In the 21st century, it is hard to comprehend that a nation could be ruled by a man whose powers supersede that nation’s president, its civil government, its judiciary and its military. Iran has had only one other Supreme Leader since its founding in 1979, Ruhollah Khomeini who held the position until his death in 1989. The 1979 Islamic Revolution in Iran overthrew the Shah in order to secure greater freedom, but the Iranians ended up more servile than before.

This is who Obama and P5+1 team (France, Great Britain, Russia, China, plus Germany) is negotiating with as they move toward the March 31 deadline for the talks. Khamenei has already said that the only thing he wants is the immediately lifting of the economic sanctions that are credited with bringing the Iranians to the negotiation table.

The negotiations have to be seen in the context of Iran’s daily cries of “Death to America” and “Death to Israel.” They have to be seen in the context of a history of Iranian aggression against America and Israel that has included the bombing of our Marine barracks in Beirut in 1983, attacks on U.S. embassies and countless other examples of their bad intentions, not the least of which has been its sponsorship of two anti-Israel groups, Hezbollah in Lebanon and, to a lessor extent, Hamas in Gaza.

Any nuclear deal that permits Iran to continue to enrich enough uranium to make its own nuclear weapons is a very bad deal. Netanyahu came to the U.S. at the invitation of Congress to make that point as the leader of the nation the Supreme Leader intends to destroy. We would be next.

All this is just slightly insane when one considers that President Obama has been obsessed with reaching an agreement with Iran before and since he took office in 2009. He has done everything possible to demonstrate his desire to remove the obstacles to conferring approval on Iran. In the process, he has made us look and be weak.

It is hopeful news, therefore, as reported in The Hill that “Congress is growing hostile to the emerging nuclear deal with Iran, leaving President Obama with little political cover as he approaches a critical deadline in the talks.
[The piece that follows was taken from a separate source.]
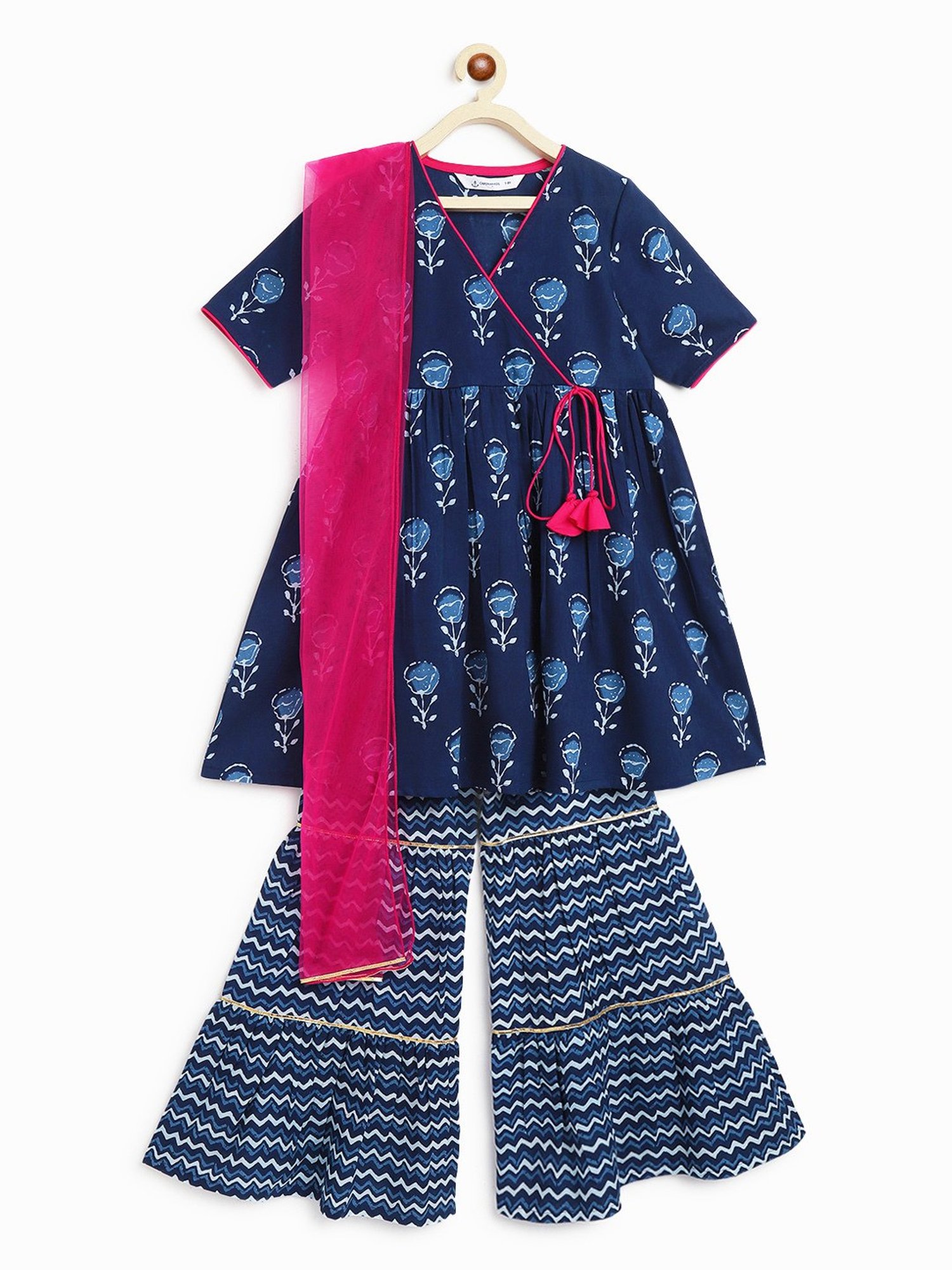 Campana Kids Navy & Pink Floral Print Kurta, Sharara with Dupatta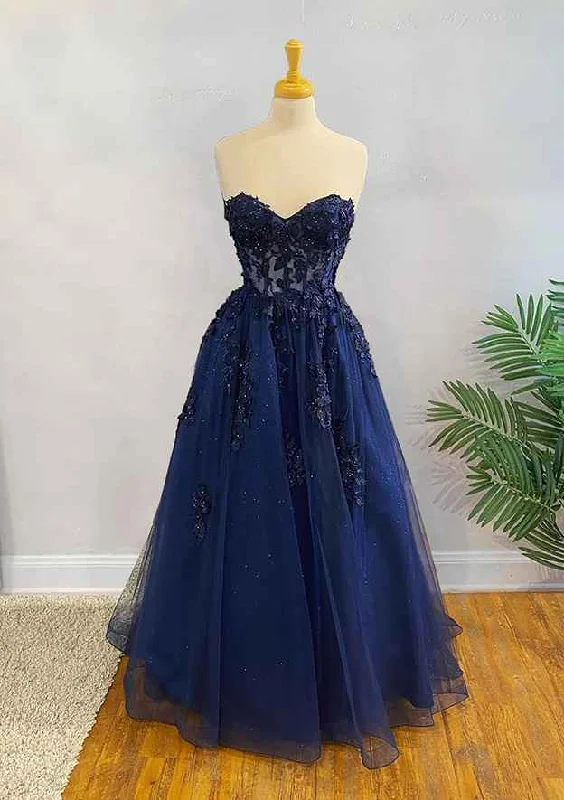 A-line Sweetheart Strapless Long/Floor-Length Tulle Prom Dress With Appliqued Sequins Glitter A-line Sweetheart Strapless Long/Floor-Length Tulle Prom Dress With Appliqued Sequins Glitter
Should a deal be reached, it would transform U.S. and Iranian relations and potentially give Obama the most important foreign policy achievement of his second term.”
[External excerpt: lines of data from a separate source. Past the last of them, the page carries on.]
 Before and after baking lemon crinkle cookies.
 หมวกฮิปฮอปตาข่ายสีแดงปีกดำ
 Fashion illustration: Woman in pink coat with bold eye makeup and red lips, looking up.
His most significant foreign policy failure, however, has been his betrayal of Israel, the only ally in the Mideast that the U.S. truly has had. Declassifying information about Israel’s nuclear arms was pure treachery. That said, it was no secret and no doubt has protected Israel against apocalyptic destruction.
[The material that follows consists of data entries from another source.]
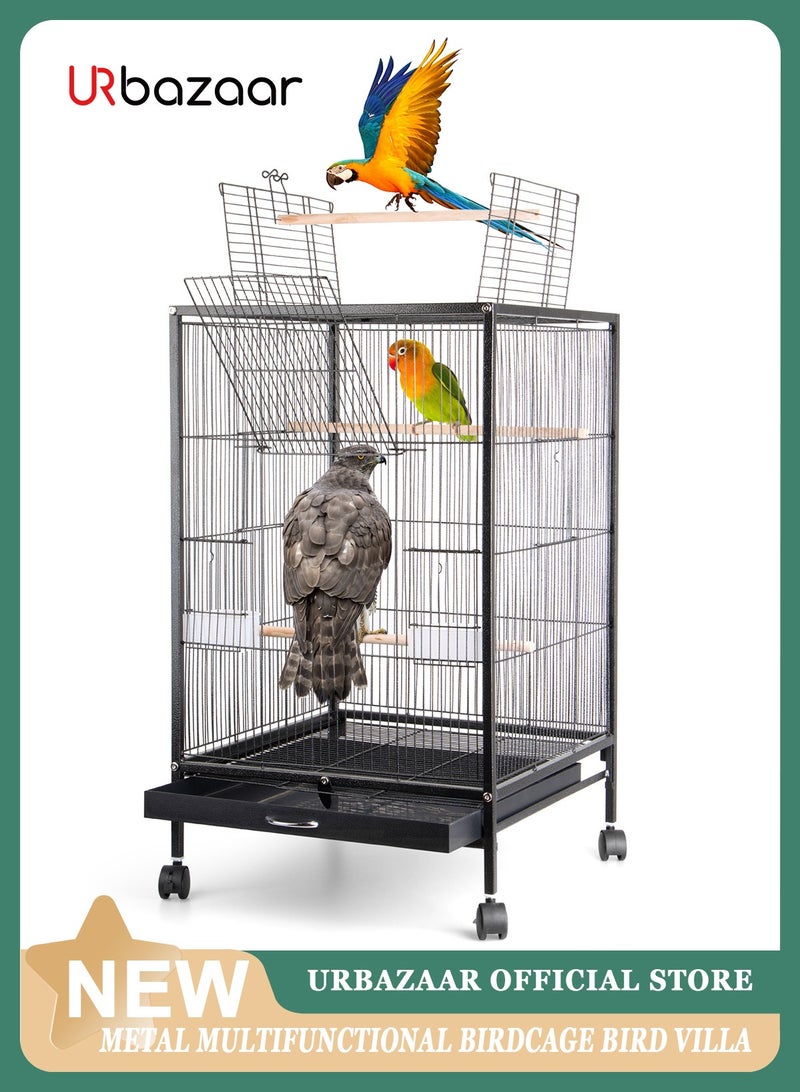 Large Metal Bird Flight Cage, Spacious Parrot Cage with Removable Tray - Multifunctional Aviary with wheels for Convenient Bird Care & Breeding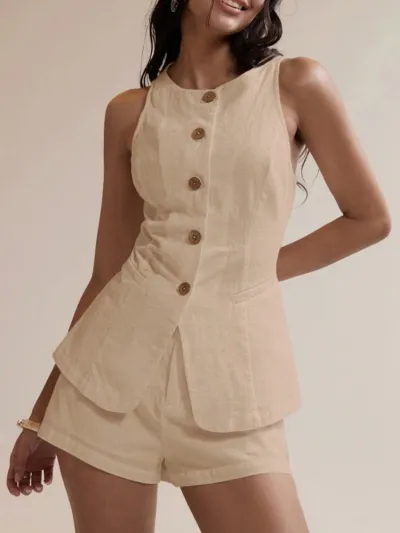 Women Fashion Casual Summer Solid Color Linen Sleeveless Vest Shorts Two-Piece Set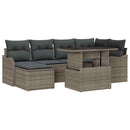 Havesofa Sæt med pude med opbevaring 7 pcs Grå Poly rattan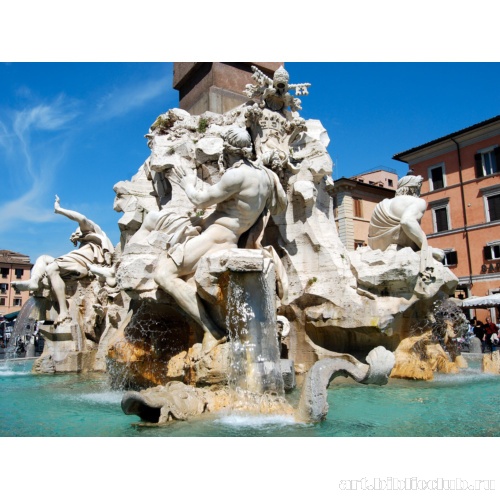 Общий вид фонтана. Аллегория Дуная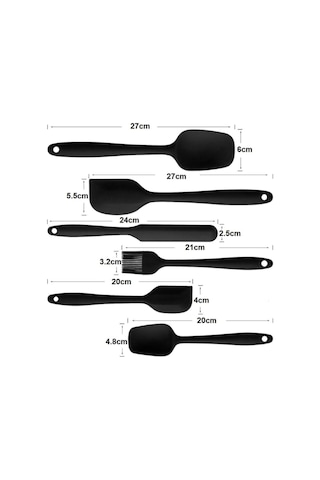 Cookcase Servis Spatula Seti Silikon 6'Lı Siyah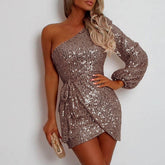 One Shoulder Sequins Mini Dress Glitter Womens Party Robe Clubwear Irregular Lace Up Evening Gown Elegant Ladies Dresses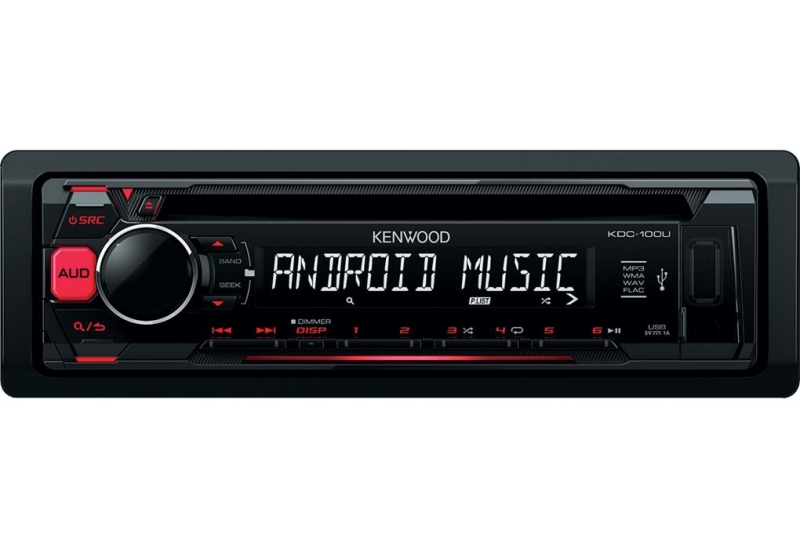 KENWOOD Autoradio Kenwood KDC100UR 4 ingressi AUX nero rosso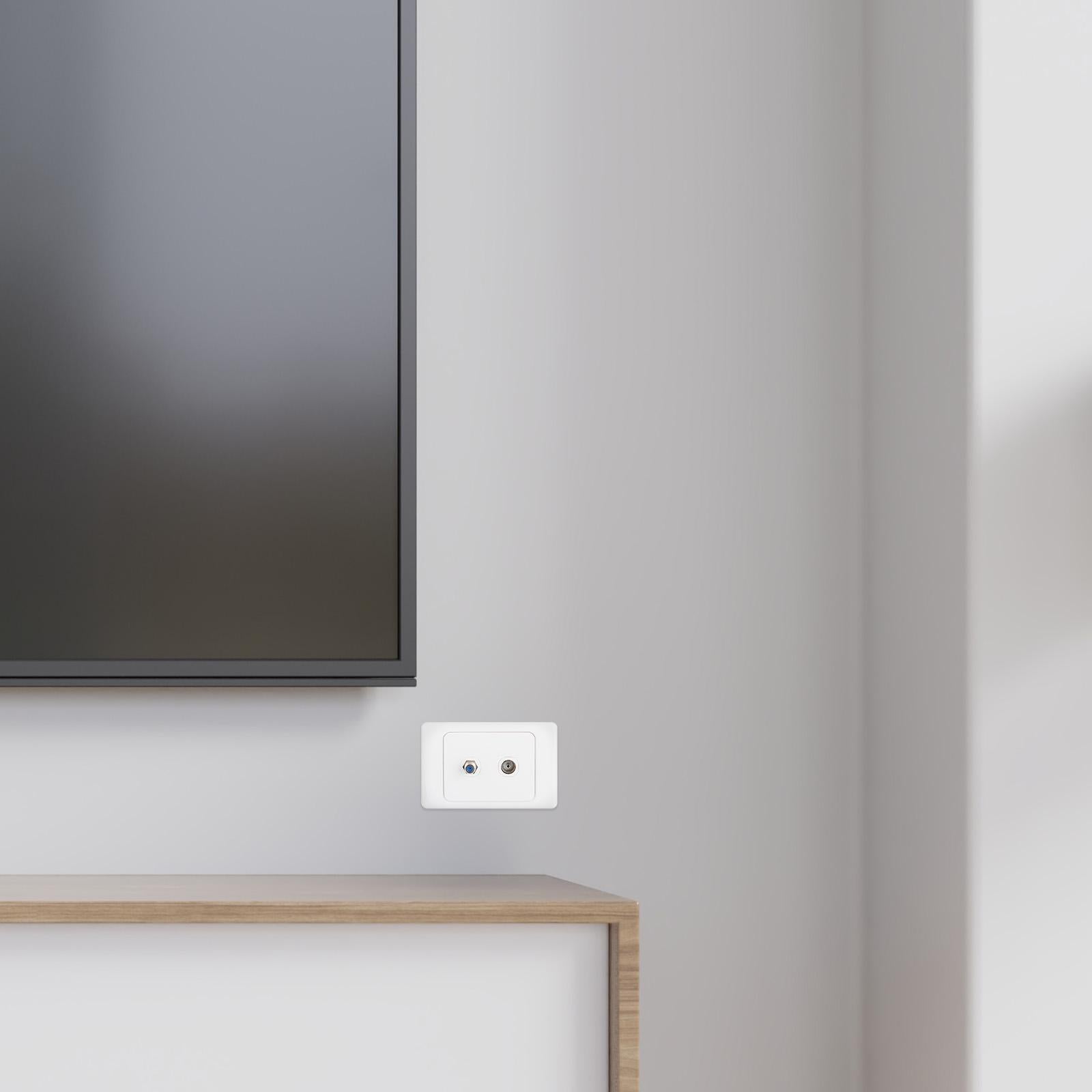 DETA PAL and F-Connector Outlet - White Polycarbonate Nickel Plated TV Wall Plate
Consider the Middle Eastern foreign policy failures Obama has had to date. The Saudis and other Gulf States have abandoned hope that Obama would resist the Iranian proxies taking over Yemen. They are pursuing their own military operation there. Egypt which replaced the Muslim Brotherhood with a U.S.-friendly president has not seen any renewal of the former friendly relations that existed. Iraq is in turmoil thanks to Obama’s removal of U.S. troops in 2011 and even has Iranian military units fighting ISIS. Syria has been in a civil war that has killed thousands. It’s a long list but it comes down to Obama’s ending of the U.S. role in the Mideast.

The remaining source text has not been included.